▶ Supplied records

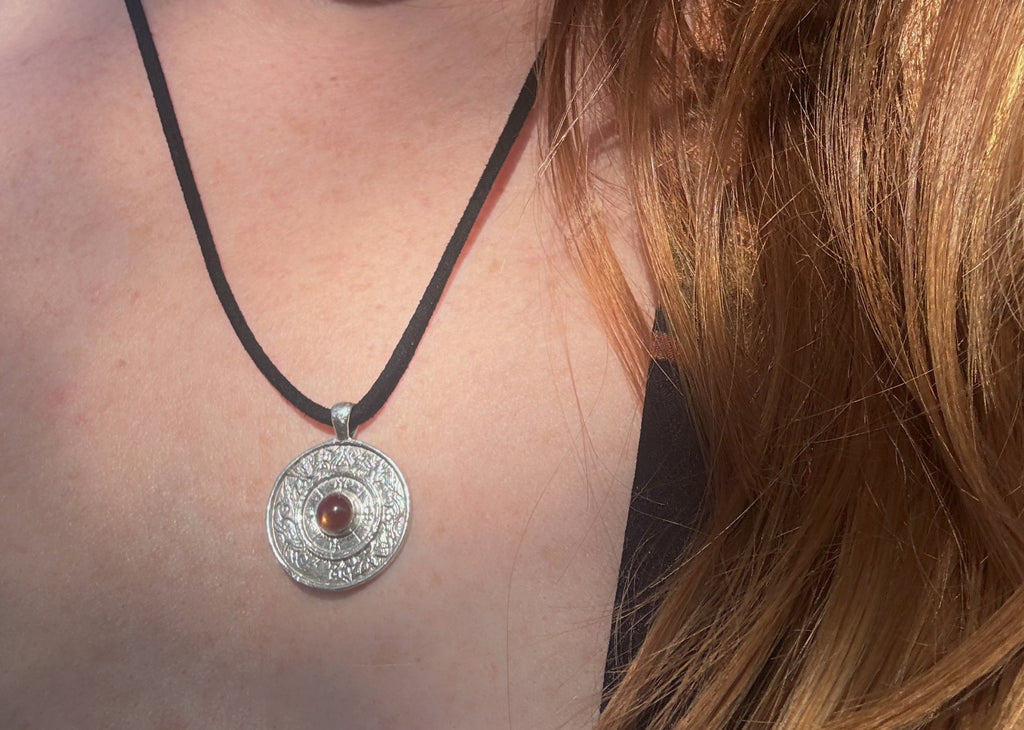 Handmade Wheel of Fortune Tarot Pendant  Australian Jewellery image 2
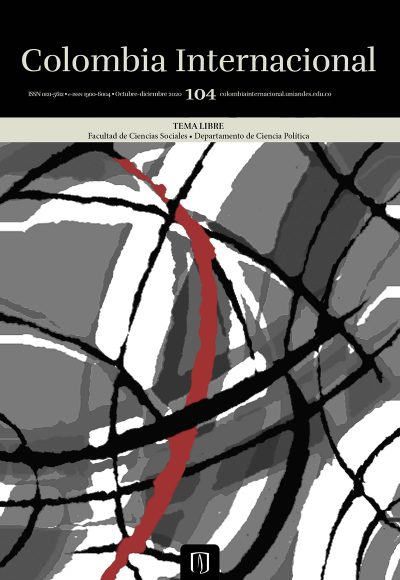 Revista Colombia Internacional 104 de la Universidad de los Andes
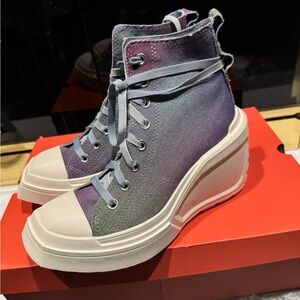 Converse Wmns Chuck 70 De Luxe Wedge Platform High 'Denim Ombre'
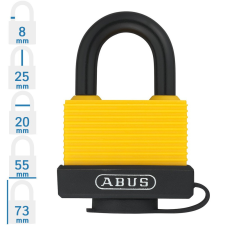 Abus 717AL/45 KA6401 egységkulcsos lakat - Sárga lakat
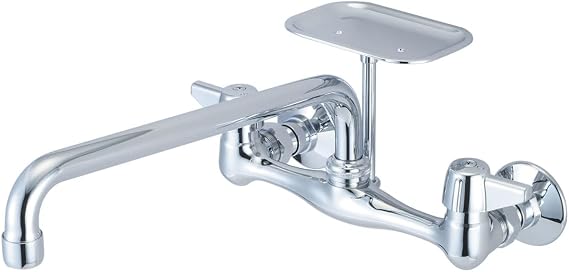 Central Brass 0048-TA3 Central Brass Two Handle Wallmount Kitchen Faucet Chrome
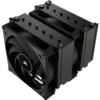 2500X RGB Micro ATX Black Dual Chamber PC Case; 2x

...

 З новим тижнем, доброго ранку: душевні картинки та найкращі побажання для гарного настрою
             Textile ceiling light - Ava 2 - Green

▶ Task objective
Taking the entries above, extract every line from the one bearing "Handmade Wheel of" through the one bearing "2500X RGB Micro", exactly, with no pictures.

▶ Your response
 Handmade Wheel of Fortune Tarot Pendant  Australian Jewellery image 2
 Revista Colombia Internacional 104 de la Universidad de los Andes
 Converse Wmns Chuck 70 De Luxe Wedge Platform High 'Denim Ombre'
 Abus 717AL/45 KA6401 egységkulcsos lakat - Sárga lakat
 Central Brass 0048-TA3 Central Brass Two Handle Wallmount Kitchen Faucet Chrome
 2500X RGB Micro ATX Black Dual Chamber PC Case; 2x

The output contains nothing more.